20141227

Solaris



I have finished reading the 1961 novel Solaris that I mentioned in my last post. I rank it as one of the better sci-fi books I have read because of its disturbing realism. None of these humanoid extra-terrestrials that are now so common - here all attempts to make satisfactory contact with the alien fail and yet it wreaks havoc. The characters, with all their inhibitions, distrust and confusion, are not straightforward. Many questions in their and the reader's minds are purposely left unanswered. Which all resonate with common experience.

The protagonist Kris Kelvin falls in love with an alien-created avatar of his long-deceased love Rheya and doggedly will not accept that she will probably cease to exist on leaving Solaris for Earth. Even after his colleagues force the issue by destroying the avatar, and some semblance of normality has returned, he ends up abandoning his original plan to return to Earth and the book ends "Must I go on living here the, among the objects we both had touched, in the air she had breathed... In the hope of her return? And yet I lived in expectation. Since she had gone, that was all that remained... I persisted in the faith that the time of cruel miracles was not past".

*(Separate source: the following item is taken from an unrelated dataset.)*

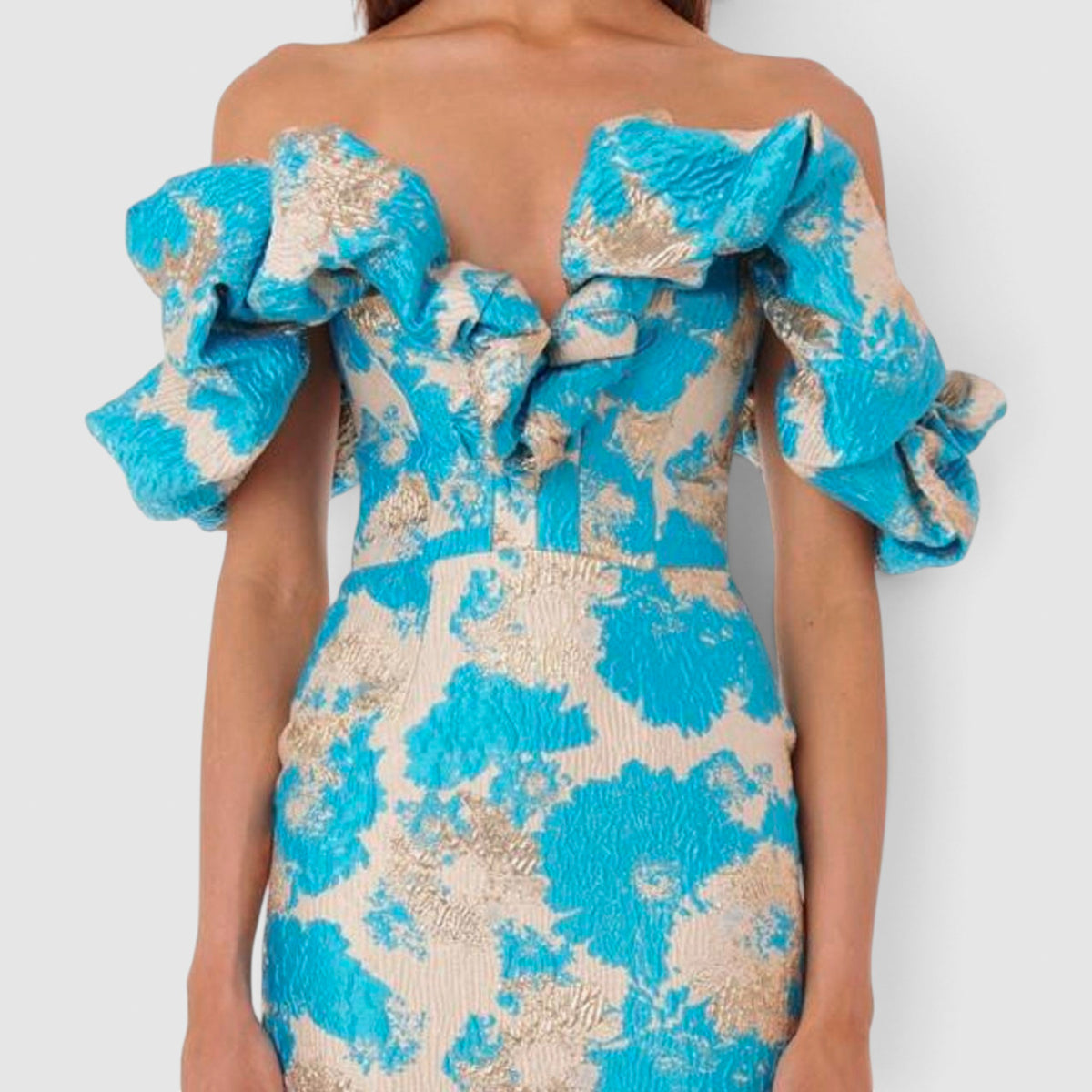 Eliya The Label Brielle Turquoise Gold Metallic Dress Medium ~ AU10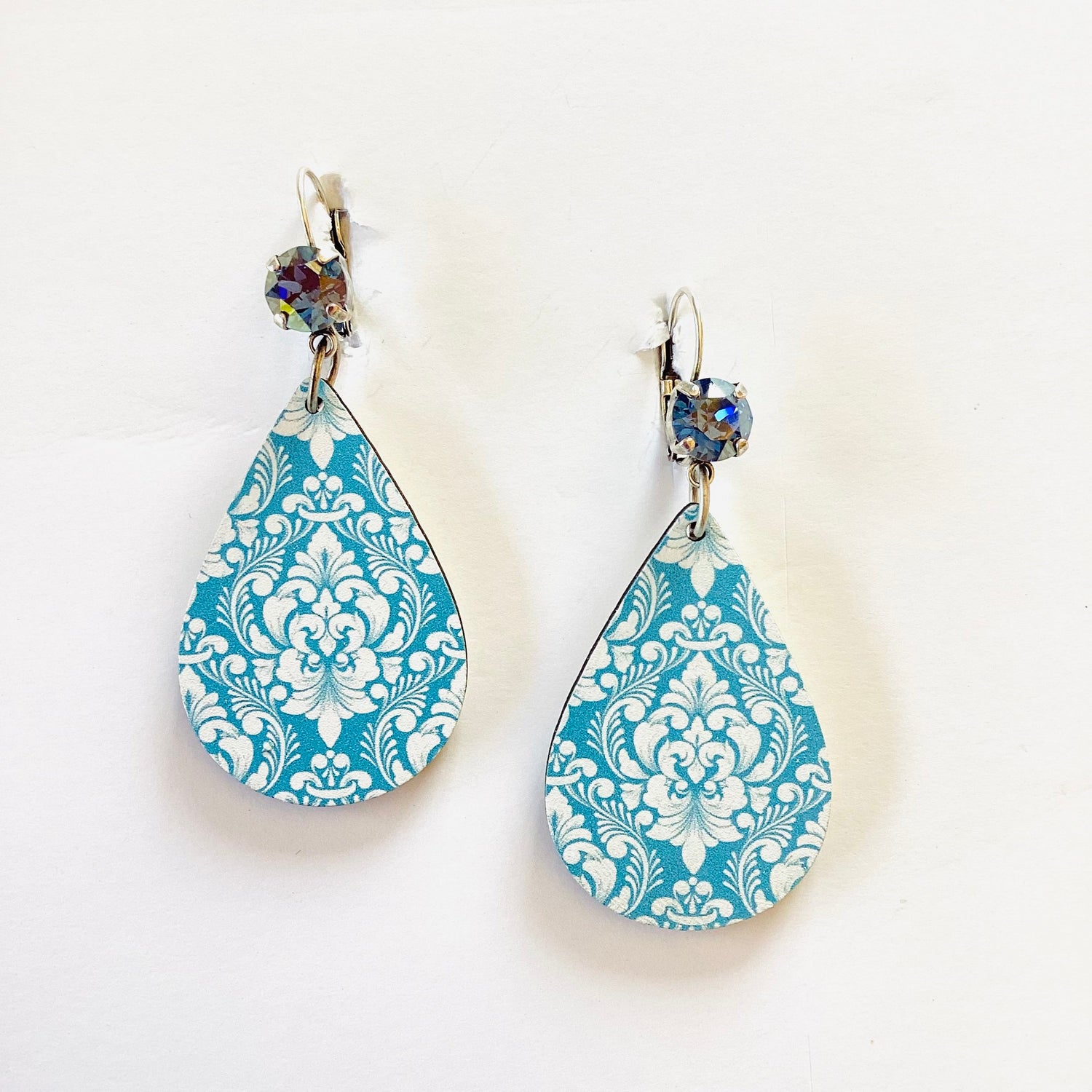 Blue Paisly Wood Earrings in Sapphire Champagne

Earlier in the book Kris observes: "We all know that we are material creatures, subject to the laws of physiology and physics, and not even the power of all our feelings combined can defeat those laws. All we can do is detest them. The age-old faith of lovers and poets in the power of love, stronger than death, that finis vitae sed non amoris (the end of life but not of love), is a lie, useless and not even funny... Are we to grow used to the idea that every man relives ancient torments, which are all the more profound because they grow comic with repetition? That human existence should repeat itself, well and good, but that it should repeat itself like a hackneyed tune, or a record a drunkard keeps playing as he feeds coins into the jukebox..."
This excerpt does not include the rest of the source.